She looked back at him with calm blue eyes. “Touch me,” she said. She opened her cloak.

He took her breast gently in his hand. He remembered doing this, too. Her breasts were firm and flat against her chest. Her nipple hardened immediately to his touch, betraying her calm demeanour.

“I want to be in your dream house,” she said, and she kissed him again.

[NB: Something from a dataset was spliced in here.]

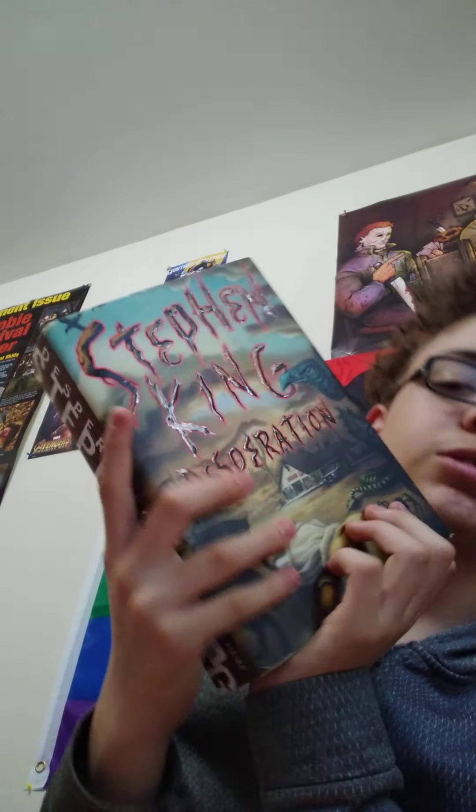The book I'm looking forward to the most, that I've been wanting to get, is 'Desperation' by Stephen King. It's about a little town in Nevada called Desperation, and I believe there's a sheriff who is possessed by a demon creature who begins planting things in people's cars as they drive by, taking them to the county jail to be held captive — and probably slaughtered later on. I've heard nothing but good things about 'Desperation' and I'm really looking forward to it.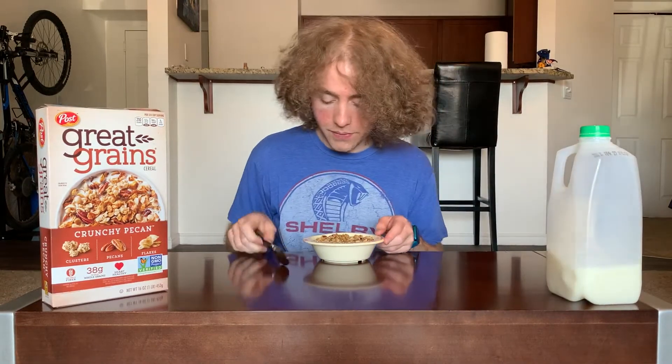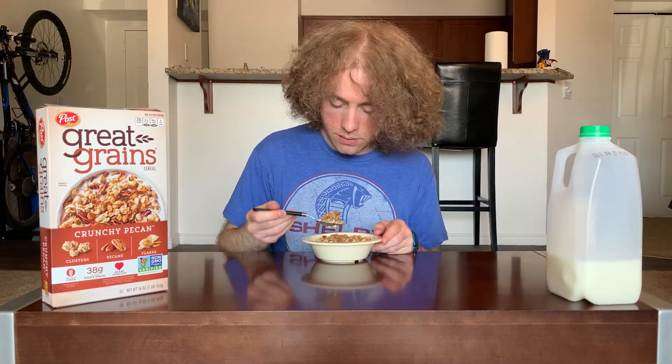Alright, here we go. Very crunchy — I'll give it that. A lot of different things to chew on in there.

She was not acting on the spur of the moment; Elizabeth never did. She had been thinking about this. While he had been casually visiting her, enjoying her company without thinking any farther, she had been imagining their life together. Perhaps she had even planned this scene. That would explain why her mother had left them with an excuse about a pie. He had almost spoiled her plan by proposing to show her Dick Brewer’s house, but she had improvised.

There was nothing wrong with such an unemotional approach. She was a reasoning person. It was one of the things he liked about her. He knew that passions burned nonetheless beneath the surface.

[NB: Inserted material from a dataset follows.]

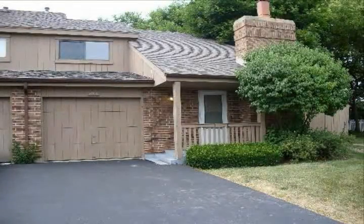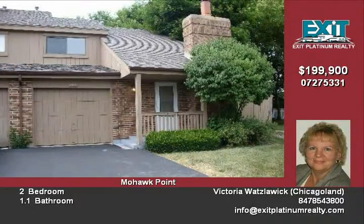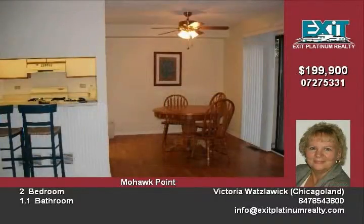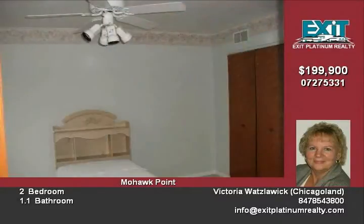Absolutely charming. This two-bed, one-and-one-half bath townhome has an open floor plan with vaulted ceilings and a fireplace in the living room. The full-finished basement houses a large family room and the front door has a beautiful stained glass insert. The driveway is capable of holding two to three additional cars.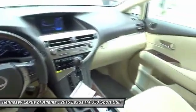This isn't just a vehicle, it's an experience. So stop in for a test drive today.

What seemed wrong was his own lack of feeling. It was not his way to be coolly rational about women – quite the reverse. When he had felt We, it had taken him over, making him feel rage and resentment as well as lust and tenderness. Now he felt interested, flattered and titillated, but he was not out of control.

She sensed that his kiss was lukewarm, and drew back. He saw the ghost of an emotion on her face, fiercely suppressed, but he knew there was fear behind the mask. She was so poised, by nature, that it must have cost her a lot to be so forward, and she dreaded rejection.

She drew away from him, stood up and lifted the skirt of her dress. She had long, shapely legs covered with nearly invisible fine blonde hair. Although she was tall and slim, her body widened just below the hips in a delightfully womanly way. His gaze homed in helplessly on the delta of her sex. Her hair was so fair that he could see through it, to the pale swelling of the lips and the delicate line between them.

He looked up to her face and read desperation there. She had tried everything, and she saw that it had not worked.

Merthin said: “I’m sorry.”

She dropped her skirts.

“Listen,” he said. “I think-”

She interrupted him. “Don’t speak.” Her desire was turning to anger. “Whatever you say now will be a lie.”

She was right. He had been trying to formulate some soothing half-truth: he was not feeling well, or Jimmie might be back at any moment. But she did not want to be mollified. She had been rebuffed, and feeble excuses would only make her feel patronized as well.

She stared at him, grief struggling with rage on the battleground of her beautiful face. Tears of frustration came to her eyes. “Why not?” she cried; but when he opened his mouth to reply she said: “Don’t answer! It won’t be the truth”; and again she was right.

She turned to go, then came back. “It’s Caris,” she said, her face working with emotion. “That witch has cast a spell on you. She won’t marry you, but no one else can have you. She’s evil!”

At last she walked away. She flung open the door and stepped out. He heard her sob once, then she was gone.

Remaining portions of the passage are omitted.